# Problem
A complete, exact copy of the records below is the required result.

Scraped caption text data
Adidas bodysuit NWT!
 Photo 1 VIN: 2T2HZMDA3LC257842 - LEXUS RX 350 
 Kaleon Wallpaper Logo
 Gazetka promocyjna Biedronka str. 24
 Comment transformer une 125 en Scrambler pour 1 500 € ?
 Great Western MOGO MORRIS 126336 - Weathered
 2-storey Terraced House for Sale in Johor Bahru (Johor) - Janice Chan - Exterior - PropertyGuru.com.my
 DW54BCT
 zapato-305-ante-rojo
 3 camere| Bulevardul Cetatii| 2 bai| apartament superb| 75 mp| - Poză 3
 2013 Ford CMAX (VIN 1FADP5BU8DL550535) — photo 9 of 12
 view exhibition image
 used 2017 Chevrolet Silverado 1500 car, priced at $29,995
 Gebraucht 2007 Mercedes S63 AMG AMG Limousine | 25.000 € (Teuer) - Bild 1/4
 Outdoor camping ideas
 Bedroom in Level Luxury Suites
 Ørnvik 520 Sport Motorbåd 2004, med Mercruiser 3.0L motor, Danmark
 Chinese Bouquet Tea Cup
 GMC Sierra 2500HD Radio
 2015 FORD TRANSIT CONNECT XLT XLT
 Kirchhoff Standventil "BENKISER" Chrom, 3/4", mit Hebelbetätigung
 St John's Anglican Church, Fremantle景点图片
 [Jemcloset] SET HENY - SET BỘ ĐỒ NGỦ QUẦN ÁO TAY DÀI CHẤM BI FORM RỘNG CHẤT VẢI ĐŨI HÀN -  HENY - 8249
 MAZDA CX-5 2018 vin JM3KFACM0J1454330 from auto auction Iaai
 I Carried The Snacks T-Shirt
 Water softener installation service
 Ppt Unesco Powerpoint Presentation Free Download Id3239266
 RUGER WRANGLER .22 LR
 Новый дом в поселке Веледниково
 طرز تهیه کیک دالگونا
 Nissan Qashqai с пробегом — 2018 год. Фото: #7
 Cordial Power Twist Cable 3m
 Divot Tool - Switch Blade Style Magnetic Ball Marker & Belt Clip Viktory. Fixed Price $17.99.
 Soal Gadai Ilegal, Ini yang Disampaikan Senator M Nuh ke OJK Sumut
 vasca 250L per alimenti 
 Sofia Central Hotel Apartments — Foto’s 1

# Task result
Adidas bodysuit NWT!
 Photo 1 VIN: 2T2HZMDA3LC257842 - LEXUS RX 350 
 Kaleon Wallpaper Logo
 Gazetka promocyjna Biedronka str. 24
 Comment transformer une 125 en Scrambler pour 1 500 € ?
 Great Western MOGO MORRIS 126336 - Weathered
 2-storey Terraced House for Sale in Johor Bahru (Johor) - Janice Chan - Exterior - PropertyGuru.com.my
 DW54BCT
 zapato-305-ante-rojo
 3 camere| Bulevardul Cetatii| 2 bai| apartament superb| 75 mp| - Poză 3
 2013 Ford CMAX (VIN 1FADP5BU8DL550535) — photo 9 of 12
 view exhibition image
 used 2017 Chevrolet Silverado 1500 car, priced at $29,995
 Gebraucht 2007 Mercedes S63 AMG AMG Limousine | 25.000 € (Teuer) - Bild 1/4
 Outdoor camping ideas
 Bedroom in Level Luxury Suites
 Ørnvik 520 Sport Motorbåd 2004, med Mercruiser 3.0L motor, Danmark
 Chinese Bouquet Tea Cup
 GMC Sierra 2500HD Radio
 2015 FORD TRANSIT CONNECT XLT XLT
 Kirchhoff Standventil "BENKISER" Chrom, 3/4", mit Hebelbetätigung
 St John's Anglican Church, Fremantle景点图片
 [Jemcloset] SET HENY - SET BỘ ĐỒ NGỦ QUẦN ÁO TAY DÀI CHẤM BI FORM RỘNG CHẤT VẢI ĐŨI HÀN -  HENY - 8249
 MAZDA CX-5 2018 vin JM3KFACM0J1454330 from auto auction Iaai
 I Carried The Snacks T-Shirt
 Water softener installation service
 Ppt Unesco Powerpoint Presentation Free Download Id3239266
 RUGER WRANGLER .22 LR
 Новый дом в поселке Веледниково
 طرز تهیه کیک دالگونا
 Nissan Qashqai с пробегом — 2018 год. Фото: #7
 Cordial Power Twist Cable 3m
 Divot Tool - Switch Blade Style Magnetic Ball Marker & Belt Clip Viktory. Fixed Price $17.99.
 Soal Gadai Ilegal, Ini yang Disampaikan Senator M Nuh ke OJK Sumut
 vasca 250L per alimenti 
 Sofia Central Hotel Apartments — Foto’s 1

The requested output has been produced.